Ohio University graduate student Belal Salem carried out the study, based on work he initiated while a member of the Mansoura University Vertebrate Paleontology Center (MUVP) in Mansoura, Egypt.
Study leader Belal Salem of Ohio University and the Mansoura University Vertebrate Paleontology Center (MUVP) examines the roughly 98-million-year-old abelisaurid therood neck vertebra discovered from the Bahariya Oasis that forms the basis of the new study. Hesham Sallam, American University in Cairo/MUVP/Zenger
The fossil was reportedly recovered during an expedition to the Bahariya Oasis in 2016, but it has only been identified as a new species recently, with the study being published this month.
Salem said: “During the mid-Cretaceous, the Bahariya Oasis would’ve been one of the most terrifying places on the planet.”
He added: “How all these huge predators managed to coexist remains a mystery, though it’s probably related to their having eaten different things, their having adapted to hunt different prey.”
The university added: “The new vertebra holds implications for the biodiversity of Cretaceous dinosaurs in Egypt and the entire northern region of Africa. It is the oldest known fossil of Abelisauridae from northeastern Africa, and shows that, during the mid-Cretaceous, these carnivorous dinosaurs ranged across much of the northern part of the continent, east to west from present-day Egypt to Morocco, to as far south as Niger and potentially beyond.
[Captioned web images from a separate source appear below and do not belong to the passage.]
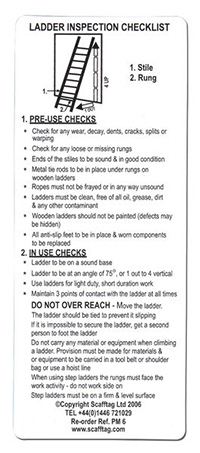 Scafftag Ladder Inspection List Pocket Guide Pack of 5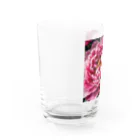 キャラメルのピオニーのピンク大輪　 Water Glass :left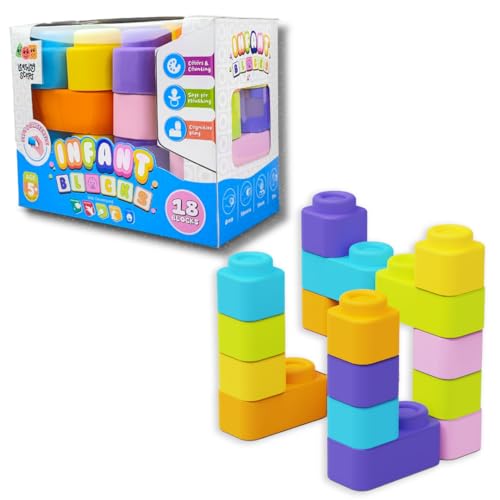 Image of Zephyr Learning Steps - Infant Blocks-2, Montessori Toys for Babies, Early Development, Soft Building Blocks, Block Sets, Colors and Counting, Premium Blocks, Stack Toy, Toddler Block Toys, 18 Pieces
“Spinosaurus and Carcharodontosaurus are also known from Niger and Morocco, and a close relative of Bahariasaurus has been found in the latter nation as well, suggesting that this fauna of large to gigantic theropods coexisted throughout much of northern Africa at this time.”
The abelisaurid neck vertebra constitutes the first record of this dinosaur group from that classic fossil locality. The bone is shown in anterior view. Belal Salem, Ohio University/Mansoura University Vertebrate Paleontology Center/Zenger
The Bahariya Oasis is renowned among paleontologists as the location where several extraordinary dinosaurs were first discovered during the early 20th century. But all Bahariya dinosaur fossils collected prior to World War II were destroyed during the Allied bombing of Munich in 1944.
The study, published in Royal Society Open Science, is titled “First definitive record of Abelisauridae (Theropoda: Ceratosauria) from the Cretaceous Bahariya Formation, Bahariya Oasis, Western Desert of Egypt.”
It was authored by Belal S. Salem, Matthew C. Lamanna, Patrick M. O’Connor, Gamal M. El-Qot, Fatma Shaker, Wael A. Thabet, Sanaa El-Sayed, and Hesham M. Sallam.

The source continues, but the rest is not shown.